Buying physical gold, that is, the actual metal as opposed to stocking shares in gold electronically, is seen as a traditional investment for many Turks, who are seeking security against the declining value of the Turkish lira. It is believed that over 5,000 tons of gold currently worth close to $200 billion, are held under the mattresses and pillows by Turkish residents as a form of personal savings, and therefore kept out of the banking system. Jewelry is also seen as a traditional gift for new babies and is given at wedding ceremonies in the country.
Turkey's Central Bank also held gold reserves totaling $20.13 billion as of Dec. 19 of this year.
But the Turkish economy needs this money for investment as growth slows, and high interest rates make borrowing expensive.
Can the government and the banks convince gold buyers to take their gold out from under the mattress and either sell it, or put it in the bank?
Banks offer “Golden Days"
The government has come up with a plan to persuade gold hoarders to do just that.
Banks in the country have been hosting “golden days,” when customers bring in coins and jewelry to be evaluated by gold experts.
The practice is already helping to increase the level of household savings, which is the lowest among emerging markets at 12.7 percent compared with China’s nearly 50 percent, according to the World Bank.
Fatih Ozdogan, 48, a government worker, who received wedding gifts in gold worth 20,000 Turkish liras, said: "I am afraid to keep them at home," as a part of the gold was stolen from his house. "Now I keep them in the bank," he said.
"We had some gold from wedding gifts. We want to use it in an emergency. We used them for our investment in our family house. But we still buy gold for our children's future."
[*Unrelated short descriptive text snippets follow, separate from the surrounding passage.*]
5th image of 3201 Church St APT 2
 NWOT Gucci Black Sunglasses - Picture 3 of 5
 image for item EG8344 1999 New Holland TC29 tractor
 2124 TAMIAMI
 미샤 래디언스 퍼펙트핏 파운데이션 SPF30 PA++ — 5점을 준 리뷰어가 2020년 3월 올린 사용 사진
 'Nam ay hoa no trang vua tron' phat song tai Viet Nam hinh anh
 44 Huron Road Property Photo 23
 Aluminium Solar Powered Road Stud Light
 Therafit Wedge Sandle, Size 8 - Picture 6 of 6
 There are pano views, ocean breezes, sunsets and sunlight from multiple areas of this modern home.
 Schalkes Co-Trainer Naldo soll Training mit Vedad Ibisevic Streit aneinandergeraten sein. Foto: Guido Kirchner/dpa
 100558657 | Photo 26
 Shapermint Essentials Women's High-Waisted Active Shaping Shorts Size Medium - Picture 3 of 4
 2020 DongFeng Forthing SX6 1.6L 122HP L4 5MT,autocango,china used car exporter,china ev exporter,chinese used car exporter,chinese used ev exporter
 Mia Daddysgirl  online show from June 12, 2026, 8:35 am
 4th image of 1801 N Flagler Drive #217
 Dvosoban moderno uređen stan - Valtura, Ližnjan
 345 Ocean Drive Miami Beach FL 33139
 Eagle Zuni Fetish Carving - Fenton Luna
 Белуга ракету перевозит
Ozdogan said that gold is less risky compared with the U.S. dollar and the stock exchange. "And also, it is easy to look after gold in small pieces. And, when you keep gold, spending is more difficult. That helps me to save," he said.
But the Turkish government would like to see this gold get out of the house and into the bank.
“If only 10 percent of these personal savings were put back into the Turkish economy, it would amount to a financial resource of around $20 billion, Ozcan Halac, the chairman of Istanbul Gold Refinery, said.
The process is starting. Gold deposits with banks rose to 205 tons worth 17 billion Turkish liras ($7.5 billion) in 2013, from only 34 tons worth 2.4 billion Turkish liras in 2010, Halac said.
The number of gold account holders increased to 2.2 million people at end of 2013 from 400,000 in 2010, according to Halac.
"Gold hidden under mattresses by Turkish citizens is a great power and a secret weapon for our economy,” Halac added.